● EXERCISE DETAILS
Of the lines in the data below, write out exactly those from the one holding "Unfinished Wood Easter" through the one holding "Carritos Hot Wheels", both included.
————————
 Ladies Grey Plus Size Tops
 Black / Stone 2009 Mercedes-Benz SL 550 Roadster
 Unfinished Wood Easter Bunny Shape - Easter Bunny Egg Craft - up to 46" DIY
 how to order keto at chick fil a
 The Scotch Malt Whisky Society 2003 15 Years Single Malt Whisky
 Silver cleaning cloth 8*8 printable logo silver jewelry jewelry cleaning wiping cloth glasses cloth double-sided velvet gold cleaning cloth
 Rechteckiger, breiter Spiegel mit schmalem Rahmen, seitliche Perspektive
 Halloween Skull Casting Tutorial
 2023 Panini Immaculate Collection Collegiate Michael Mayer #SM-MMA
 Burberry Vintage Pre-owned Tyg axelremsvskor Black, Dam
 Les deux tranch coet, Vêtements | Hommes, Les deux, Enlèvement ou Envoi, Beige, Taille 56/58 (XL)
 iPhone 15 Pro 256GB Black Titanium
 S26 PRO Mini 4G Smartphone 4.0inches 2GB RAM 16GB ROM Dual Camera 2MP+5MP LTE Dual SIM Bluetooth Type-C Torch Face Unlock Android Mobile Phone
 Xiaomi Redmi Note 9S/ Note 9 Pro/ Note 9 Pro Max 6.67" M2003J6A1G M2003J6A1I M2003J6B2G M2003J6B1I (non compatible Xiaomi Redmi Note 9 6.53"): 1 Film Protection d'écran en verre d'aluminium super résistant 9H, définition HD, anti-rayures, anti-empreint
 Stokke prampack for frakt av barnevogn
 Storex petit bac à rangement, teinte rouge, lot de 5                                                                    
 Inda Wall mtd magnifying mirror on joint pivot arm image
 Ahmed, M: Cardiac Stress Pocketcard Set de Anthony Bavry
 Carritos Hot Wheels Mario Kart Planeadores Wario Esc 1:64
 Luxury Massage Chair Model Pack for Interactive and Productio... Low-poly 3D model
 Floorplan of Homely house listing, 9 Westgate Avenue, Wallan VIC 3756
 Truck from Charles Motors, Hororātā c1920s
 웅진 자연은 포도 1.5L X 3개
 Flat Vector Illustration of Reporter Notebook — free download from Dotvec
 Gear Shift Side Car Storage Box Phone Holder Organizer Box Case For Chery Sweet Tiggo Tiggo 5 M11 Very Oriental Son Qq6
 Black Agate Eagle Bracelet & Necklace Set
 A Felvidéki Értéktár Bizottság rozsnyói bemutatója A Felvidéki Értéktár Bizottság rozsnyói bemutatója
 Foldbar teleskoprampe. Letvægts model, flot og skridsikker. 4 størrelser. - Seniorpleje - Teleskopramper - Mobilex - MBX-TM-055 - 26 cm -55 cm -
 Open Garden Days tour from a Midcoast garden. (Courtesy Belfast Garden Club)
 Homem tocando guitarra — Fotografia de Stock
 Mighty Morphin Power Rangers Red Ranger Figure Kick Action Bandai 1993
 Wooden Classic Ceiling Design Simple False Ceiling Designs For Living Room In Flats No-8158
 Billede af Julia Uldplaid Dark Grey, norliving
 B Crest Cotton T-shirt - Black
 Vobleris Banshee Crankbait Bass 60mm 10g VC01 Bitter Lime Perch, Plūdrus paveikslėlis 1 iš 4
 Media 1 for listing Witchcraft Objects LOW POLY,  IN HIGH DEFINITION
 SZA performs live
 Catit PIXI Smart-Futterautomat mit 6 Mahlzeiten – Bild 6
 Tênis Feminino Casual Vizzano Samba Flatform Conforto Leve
————————
● SOLUTION FOR THIS PROBLEM
 Unfinished Wood Easter Bunny Shape - Easter Bunny Egg Craft - up to 46" DIY
 how to order keto at chick fil a
 The Scotch Malt Whisky Society 2003 15 Years Single Malt Whisky
 Silver cleaning cloth 8*8 printable logo silver jewelry jewelry cleaning wiping cloth glasses cloth double-sided velvet gold cleaning cloth
 Rechteckiger, breiter Spiegel mit schmalem Rahmen, seitliche Perspektive
 Halloween Skull Casting Tutorial
 2023 Panini Immaculate Collection Collegiate Michael Mayer #SM-MMA
 Burberry Vintage Pre-owned Tyg axelremsvskor Black, Dam
 Les deux tranch coet, Vêtements | Hommes, Les deux, Enlèvement ou Envoi, Beige, Taille 56/58 (XL)
 iPhone 15 Pro 256GB Black Titanium
 S26 PRO Mini 4G Smartphone 4.0inches 2GB RAM 16GB ROM Dual Camera 2MP+5MP LTE Dual SIM Bluetooth Type-C Torch Face Unlock Android Mobile Phone
 Xiaomi Redmi Note 9S/ Note 9 Pro/ Note 9 Pro Max 6.67" M2003J6A1G M2003J6A1I M2003J6B2G M2003J6B1I (non compatible Xiaomi Redmi Note 9 6.53"): 1 Film Protection d'écran en verre d'aluminium super résistant 9H, définition HD, anti-rayures, anti-empreint
 Stokke prampack for frakt av barnevogn
 Storex petit bac à rangement, teinte rouge, lot de 5                                                                    
 Inda Wall mtd magnifying mirror on joint pivot arm image
 Ahmed, M: Cardiac Stress Pocketcard Set de Anthony Bavry
 Carritos Hot Wheels Mario Kart Planeadores Wario Esc 1:64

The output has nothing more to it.